The wizards of the oil industry can drill 4 or 6 or more wells on one pad. They’ve also developed self-propelled rigs.

So what, you ask?

That means less time to drill, far less surface disruption, less truck traffic, and more economical infrastructure.

It’s call pad drilling.  Here is an illustration:

 

Photo: Chesapeake / Statoil. Used with permission.

There are 24 wells in that illustration, but the drilling was done from only 4 sites.

The Energy Information Administration discusses this in their article Pad drilling and rig mobility lead to more efficient drilling:

For example, “pad” drilling techniques allow rig operators to drill groups of wells more efficiently, because improved rig mobility reduces the time it takes to move from one well location to the next, while reducing the overall surface footprint. A drilling pad is a location which houses the wellheads for a number of horizontally drilled wells. The benefit of a drilling pad is that operators can drill multiple wells in a shorter time than they might with just one well per site.

In the picture above, each of the four drilling pads hosts six horizontal wells. Pad drilling allows producers to target a significant area of underground resources while minimizing impact on the surface. Concentrating the wellheads also helps the producer reduce costs associated with managing the resources above-ground and moving the production to market.

When a well is completed, the rig needs to be disassembled, moved to a new location and reassembled. This is called “rigging down” and “rigging up.” It takes a lot of time.
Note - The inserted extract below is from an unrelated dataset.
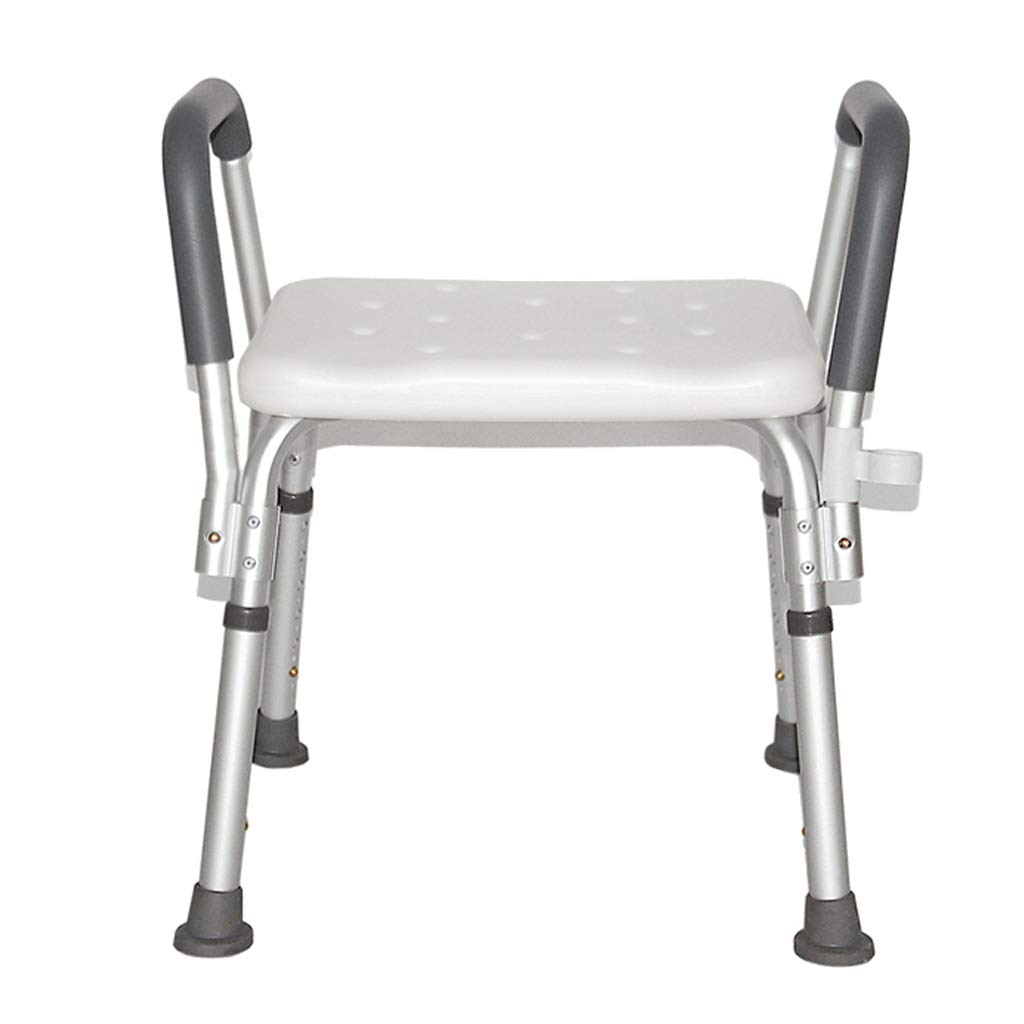 Tabouret de douche réglable CHEWYNP avec poignée de sécurité et assise percée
New rigs have an ability to “walk’”from one well to another. Combine that with pad drilling and you can save a lot of time. Have the rig side-step a short distance to the new well site and resume drilling. That saves a tremendous amount of time and cost.

Check out this cool time-lapse video that shows a rig side-stepping to a new well. Watch for the feet at the end of the video:

Walking-Rig-Time-Lapse.aspx

The next step? The cost involved in rigging up and rigging down is so high that it makes sense to build a road between pads and have the rig walk to the next site. The EIA article says:

One of the industry’s more recent innovations, pad-to-pad moves, underscores the efficiency gains from rig mobility and pad drilling. During the drilling operation pictured below, rig operator Nabors Industries transported a fully-assembled drilling rig about one mile between drill sites. The cost of rigging down and rigging back up can be high enough that producers may find it more efficient to build a road between two pads, transport the rig intact, and have it arrive ready to drill the next well.

Check out the photo in the EIA article of a rig walking down the road to the next site.

The application of human ingenuity means getting to oil faster and cheaper than a year ago.  With the results of other human ingenuity, such as horizontal drilling (look at that illustration again – changing the direction of the well twice before changing again to the horizontal!) and fracking the drillers can recover what was unimaginable a few years ago. Cool.